Weakly Meet $s_{Z}$-continuity and $\delta_{Z}$-continuity

$(1)\Rightarrow(2)$ Assume that $D\in Z(P)$, and $D^{\delta}\cap\mathord{\uparrow}(\mathord{\downarrow}x\cap U)\neq\emptyset$. Then there exists an $m\in D^{\delta}$ with $m\in U$ and $m\leq x$. Since $P$ is weakly meet $s_{Z}$-continuous, we have $m\in cl_{\sigma^{Z}(P)}(\mathord{\downarrow}m\cap\mathord{\downarrow}D)$, which implies that $\mathord{\downarrow}D\cap\mathord{\downarrow}m\cap U\neq\emptyset$. Thus $\mathord{\downarrow}D\cap\mathord{\downarrow}x\cap U\neq\emptyset$ by $m\leq x$. So $D\cap\mathord{\uparrow}(\mathord{\downarrow}x\cap U)\neq\emptyset$ and $\mathord{\uparrow}(\mathord{\downarrow}x\cap U)\in\sigma^{Z}(P)$ holds.

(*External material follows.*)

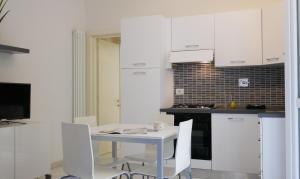 - une cuisine avec des placards blancs, une table et des chaises dans l'établissement Bologna Welcome House, à Bologne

$(2)\Rightarrow(1)$ For any $x\in P$, $D\in Z(P)$, if $x\in D^{\delta}$ and there is a $U\in\sigma^{Z}(P)$ such that $x\in U$, then by (2), $\mathord{\uparrow}(\mathord{\downarrow}x\cap U)\in\sigma^{Z}(P)$. Since $x\in D^{\delta}\cap\mathord{\uparrow}(\mathord{\downarrow}x\cap U)\neq\emptyset$, we have $D\cap\mathord{\uparrow}(\mathord{\downarrow}x\cap U)\neq\emptyset$, this means $\mathord{\downarrow}x\cap U\cap\mathord{\downarrow}D\neq\emptyset$. So $x\in cl_{\sigma^{Z}(P)}(\mathord{\downarrow}x\cap\mathord{\downarrow}D)$.

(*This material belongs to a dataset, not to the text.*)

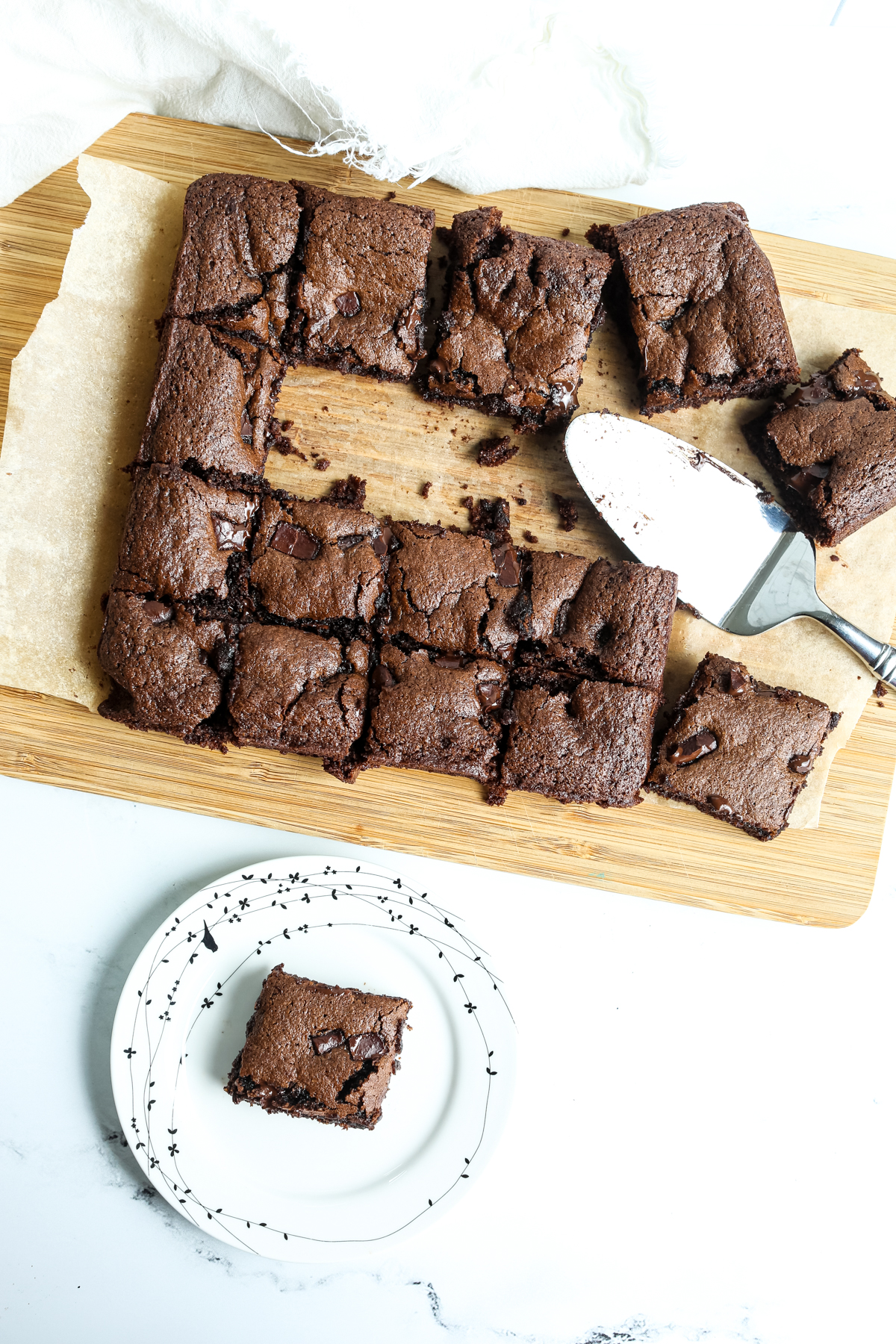 chocolate tahini brownies on a cutting board with one on a plate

$(1)\Rightarrow(2)$ We first claim that $y=\vee(\mathord{\downarrow}y\cap\mathord{\downarrow}D)$ if $y\in D^{\delta}$. It is obvious that $y$ is an upper bound of $\mathord{\downarrow}y\cap\mathord{\downarrow}D$. Suppose $z$ is also an upper bound of $\mathord{\downarrow}y\cap\mathord{\downarrow}D$ and $y\nleqslant z$, that is, $y\in P\setminus\mathord{\downarrow}z$. Since $y\in cl_{\sigma^{Z}(P)}(\mathord{\downarrow}y\cap\mathord{\downarrow}D)$ by (1) and $P\setminus\mathord{\downarrow}z\in\sigma^{Z}(P)$, we have $(P\setminus\mathord{\downarrow}z)\cap\mathord{\downarrow}y\cap\mathord{\downarrow}D\neq\emptyset$. But this contracts the fact that $\mathord{\downarrow}y\cap\mathord{\downarrow}D\subseteq\mathord{\downarrow}z$. Thus $y=\vee(\mathord{\downarrow}y\cap\mathord{\downarrow}D)$. Now let $y_{0}=x\wedge\vee D$, then $y_{0}\in D^{\delta}$, which implies $y_{0}=\vee(\mathord{\downarrow}y_{0}\cap\mathord{\downarrow}D)$. Since $\mathord{\downarrow}y_{0}\cap\mathord{\downarrow}D=\mathord{\downarrow}\{x\wedge d:d\in D\}$, we have $y_{0}=\vee\{x\wedge d:d\in D\}$, that is, $x\wedge\vee D=\vee\{x\wedge d:d\in D\}$.

$(2)\Rightarrow(1)$ For any $x\in P$, $U\in\sigma^{Z}(P)$, we need to prove $\mathord{\uparrow}(\mathord{\downarrow}x\cap U)\in\sigma^{Z}(P)$. Assume $D\in Z(P)$ with $D^{\delta}\cap\mathord{\uparrow}(\mathord{\downarrow}x\cap U)\neq\emptyset$. Then there exists an $m\in U$, $m\leq x$ and $m\in D^{\delta}$. Thus $m\leq\vee D$ and $m=m\wedge\vee D=\vee\{m\wedge d:d\in D\}\in U$ by (2). Now for $m$, we define a monotone mapping $\varphi:P\rightarrow P$ by $\varphi(p)=m\wedge p$. Then $\varphi(D)=\{m\wedge d:d\in D\}\in Z(P)$. Hence, $m\wedge d_{0}\in U$ for some $d_{0}\in D$ as $U\in\sigma^{Z}(P)$, which implies that $D\cap\mathord{\uparrow}(\mathord{\downarrow}x\cap U)\neq\emptyset$, that is, $\mathord{\uparrow}(\mathord{\downarrow}x\cap U)\in\sigma^{Z}(P)$. So $P$ is weakly meet $s_{Z}$-continuous by Lemma 3.2.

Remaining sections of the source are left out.